The doctrine of immortality of the soul, not being in the Bible, the question is, Where has it come from? For an answer to this question, we direct attention to the following facts which reveal that it has been derived from paganism, and falsely superimposed upon the teaching of the Bible:

Herodotus, the oldest historian, writes as follows: "The Egyptians say that Ceres (the goddess of corn), and Bacchus (the god of wine), hold the chief sway in the infernal regions; and the Egyptians also were the first who asserted the doctrine that the soul of man is immortal" (Herod. Book 2;Sec123).

Mosheim says, "Its first promoters argued from that known doctrine of the Platonic School, which was also adopted by Origen and his disciples, that the divine nature was diffused through all human souls; or in other words, that the faculty of reason, from which proceed the health and vigour of the mind, was an emanation from God into the human soul, and comprehended it in the principles and elements of all truth, human and divine" (Ecclesiastical History, vol 1, page 86; Plato page 169).

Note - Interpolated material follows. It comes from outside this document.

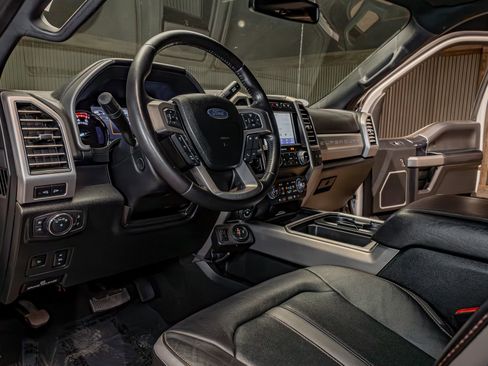 Used 2020 Ford F450 Platinum w/ FX4 Off-Road Package image 14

Justin Martyr (A.D. 150) said, "For if you have conversed with some that are indeed called Christians, and do not maintain these opinions, but even dare to blaspheme the God of Isaac, and the God of Jacob, and say that there is no resurrection of the dead, but that the souls, as soon as they leave the body are received up into heaven, take care that you do not look upon these. But I, and all those Christians that are really orthodox in every respect, do know that there will be a resurrection of the body and a thousand years in Jerusalem, when it is built again, and adorned, as Ezekiel, and Esaias, and the rest of the prophets declare (Dialogue with Trypho, the Jew, section 80).

An extract from the canon which was passed under Leo X, by the Council of Lateran, shows that the doctrine of an "immortal soul" that lives when the man is dead was supported in those days, as it generally has been since, by the authority of creeds, rather than the Word of God: "Some have dared to assert, concerning the nature of the reasonable soul, that it is mortal; we, with the approbation of the sacred council, do condemn and reprobate all such, seeing according to the canon of Pope Clement the Fifth, the soul is immortal; and we strictly inhibit all from dogmatising otherwise; and we decree that all who adhere to the like erroneous assertions, shall be shunned and punished as heretics" (Caranza, page 412, 1681).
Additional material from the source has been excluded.